Sometimes I get lost in our busy daily routine and forget about the big picture. That is one of the reasons I enjoy attending the Association of Science-Technology Centers’s annual conference. ASTC, for short, is a global organization that provides a collective voice to science centers, museums, and related institutions. Like every year, I shared a few days with over 1,000 individuals representing these institutions while talking to many about the wonders of Frost Science, those that fuel our work. It is refreshing to witness the excitement and anticipation our project prompts among our peers. This year’s conference was hosted by the Museum of Science and Industry on September 24-27, just up the road, in Tampa.
As we get closer to our opening, Frost Science was there to share the highlights of the project with our colleagues, and learn from the best science center professionals in the field. Our President, Frank Steslow, led a party including Chelle King, Dr. Angela Colbert, Lindsay Bartholomew, Cheryl Juarez, Daniella Orihuela and myself.

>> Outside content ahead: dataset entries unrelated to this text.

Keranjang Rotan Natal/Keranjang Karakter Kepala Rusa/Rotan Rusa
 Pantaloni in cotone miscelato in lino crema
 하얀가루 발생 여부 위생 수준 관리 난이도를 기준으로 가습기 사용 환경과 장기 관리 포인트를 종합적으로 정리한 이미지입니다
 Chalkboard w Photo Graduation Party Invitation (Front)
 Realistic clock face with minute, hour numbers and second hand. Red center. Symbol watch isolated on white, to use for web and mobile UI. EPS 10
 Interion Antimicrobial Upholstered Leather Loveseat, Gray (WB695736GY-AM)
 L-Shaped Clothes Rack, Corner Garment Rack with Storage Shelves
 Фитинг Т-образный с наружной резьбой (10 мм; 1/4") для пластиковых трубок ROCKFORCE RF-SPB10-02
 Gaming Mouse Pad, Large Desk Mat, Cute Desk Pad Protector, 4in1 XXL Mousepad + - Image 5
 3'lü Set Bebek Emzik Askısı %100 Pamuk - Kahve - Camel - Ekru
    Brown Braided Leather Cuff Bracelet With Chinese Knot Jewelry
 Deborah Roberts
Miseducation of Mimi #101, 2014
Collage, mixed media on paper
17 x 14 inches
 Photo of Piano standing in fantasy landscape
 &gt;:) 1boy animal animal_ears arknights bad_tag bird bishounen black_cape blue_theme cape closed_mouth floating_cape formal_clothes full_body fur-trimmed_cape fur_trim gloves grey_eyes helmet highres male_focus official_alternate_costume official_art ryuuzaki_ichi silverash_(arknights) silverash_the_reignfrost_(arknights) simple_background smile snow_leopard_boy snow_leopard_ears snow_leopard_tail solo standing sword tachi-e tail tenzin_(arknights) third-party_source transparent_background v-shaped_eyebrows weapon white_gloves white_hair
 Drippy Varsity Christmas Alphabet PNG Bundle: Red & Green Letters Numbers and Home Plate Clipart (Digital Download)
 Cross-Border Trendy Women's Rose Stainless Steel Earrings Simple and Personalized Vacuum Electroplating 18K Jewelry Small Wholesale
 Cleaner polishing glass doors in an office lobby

Our team guided and participated in sessions about many different topics. I got to present in two, one about how to facilitate the creative enhancement and expansion of planetarium content about astronomy and other fields of science; and a second one about how to factor diversity within and across languages into the bigger picture of community engagement at institutions like ours that serve multilingual communities. Furthermore, I got to wander through the conference’s exhibit hall, filled, as always, with the latest exhibitions, products, and services designed and offered with science centers in mind.
Among our team, Chelle talked about citizen science best practices for science centers; Angela talked about science centers affecting formal education through community engagement; Lindsay talked about reaching new audiences through community collaborations using NASA resources; and Cheryl talked about creating inclusive learning experiences for girls in STEM fields, and instigating systemic change in increasing the STEM pipeline by means of informal science education. Finally, Daniella, like I did last year, had the privilege to attend the conference as a 2016 ASTC Fellow.
Despite the long days in Tampa, and the work piling up back at home, the conference was a great experience and success. The lessons learned in the many sessions we attended will prove invaluable as we approach our opening date.
We cannot wait for next year’s conference, hosted by our colleagues at The Tech Museum of Innovation, all the way in San Jose, CA, where we will be able to finally unveil to everyone in our field the wonders of a new and open museum.